**EXERCISE DETAILS:**
Write out the entries, please, from the line containing "Zapatillas de piel" through their final line, exactly and with nothing else.

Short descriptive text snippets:
==============================
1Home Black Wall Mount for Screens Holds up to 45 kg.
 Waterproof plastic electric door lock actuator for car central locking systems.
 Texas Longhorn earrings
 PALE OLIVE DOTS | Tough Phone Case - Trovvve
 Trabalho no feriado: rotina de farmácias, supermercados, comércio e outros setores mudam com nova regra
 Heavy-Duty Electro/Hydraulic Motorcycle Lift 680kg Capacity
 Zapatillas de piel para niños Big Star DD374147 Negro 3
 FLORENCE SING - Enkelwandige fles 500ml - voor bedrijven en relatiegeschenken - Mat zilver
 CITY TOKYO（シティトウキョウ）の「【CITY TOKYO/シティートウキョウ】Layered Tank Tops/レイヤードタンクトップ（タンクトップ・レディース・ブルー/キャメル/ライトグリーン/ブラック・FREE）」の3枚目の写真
==============================
**FINAL ANSWER:**
 Zapatillas de piel para niños Big Star DD374147 Negro 3
 FLORENCE SING - Enkelwandige fles 500ml - voor bedrijven en relatiegeschenken - Mat zilver
 CITY TOKYO（シティトウキョウ）の「【CITY TOKYO/シティートウキョウ】Layered Tank Tops/レイヤードタンクトップ（タンクトップ・レディース・ブルー/キャメル/ライトグリーン/ブラック・FREE）」の3枚目の写真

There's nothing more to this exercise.